:: STORED DATA ::
━━━━

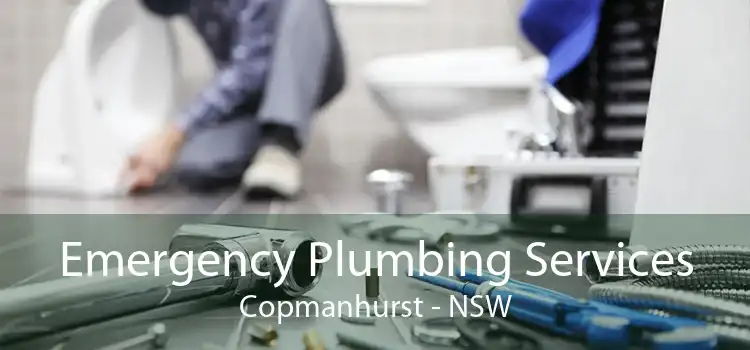 Emergency Plumbing Services Copmanhurst - NSW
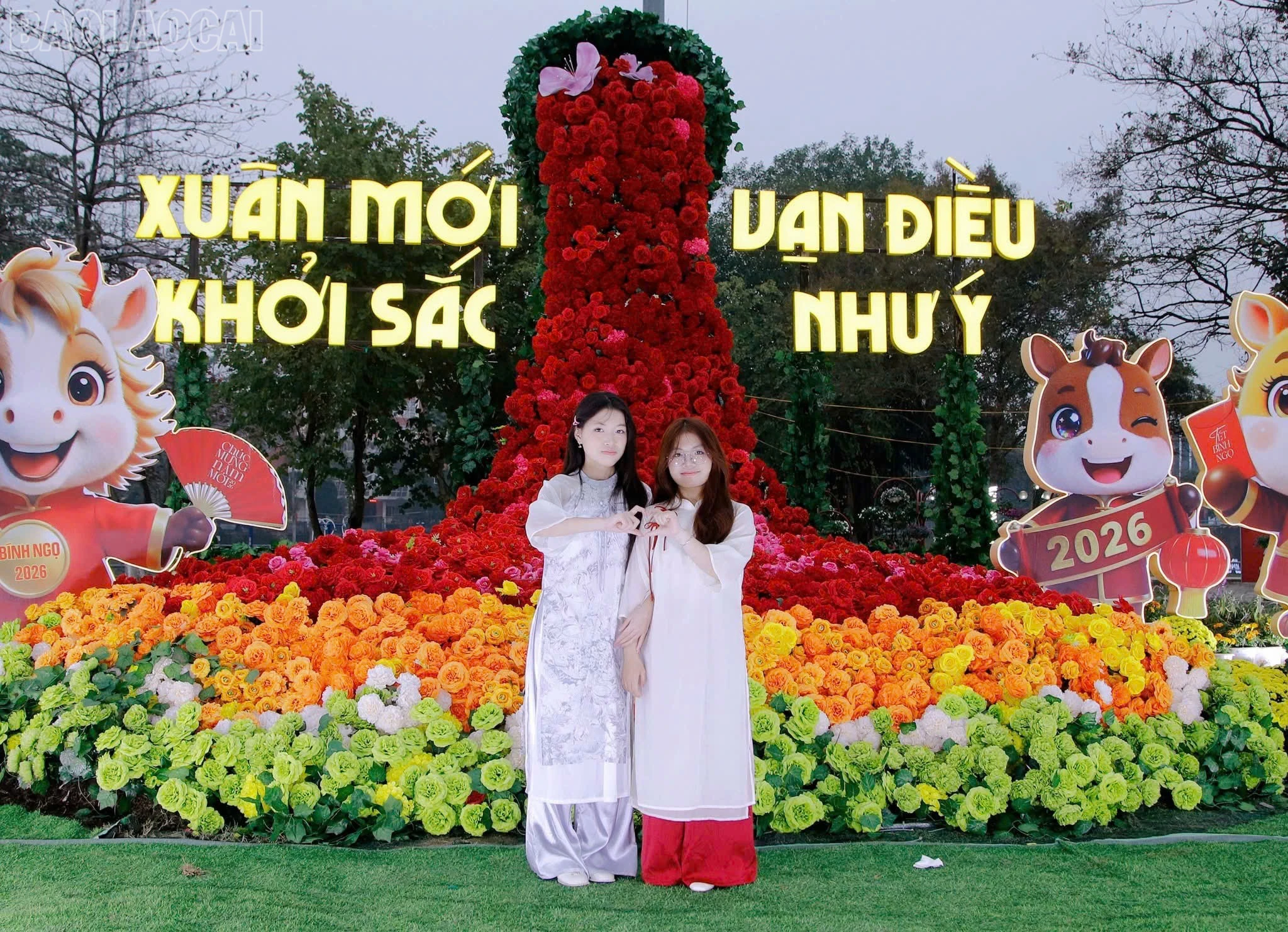 baolaocai-tl_z7546423606936-18ba0692ed50107f8cd98c85472b55bf.jpg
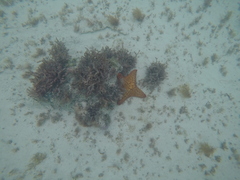 Oreaster reticulatus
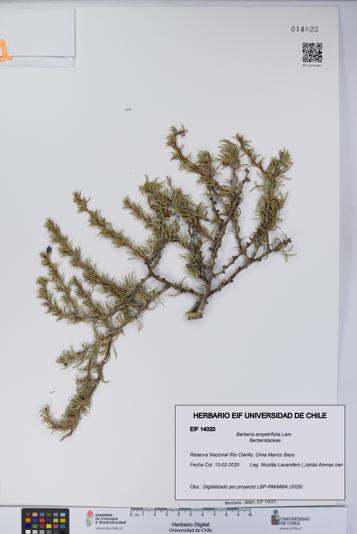 Berberis empetrifolia [Espécimen: UCH:EIF:0014020]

━━━━

Ignoring the pictures, write out word for word only the lines from the one containing "baolaocai-tl_z7546423606936-18ba0692ed50107f8cd98c85472b55bf.jpg" through the last line of the data, both ends included.

:: ANSWER TO THIS PROBLEM ::
 baolaocai-tl_z7546423606936-18ba0692ed50107f8cd98c85472b55bf.jpg
 Oreaster reticulatus
 Berberis empetrifolia [Espécimen: UCH:EIF:0014020]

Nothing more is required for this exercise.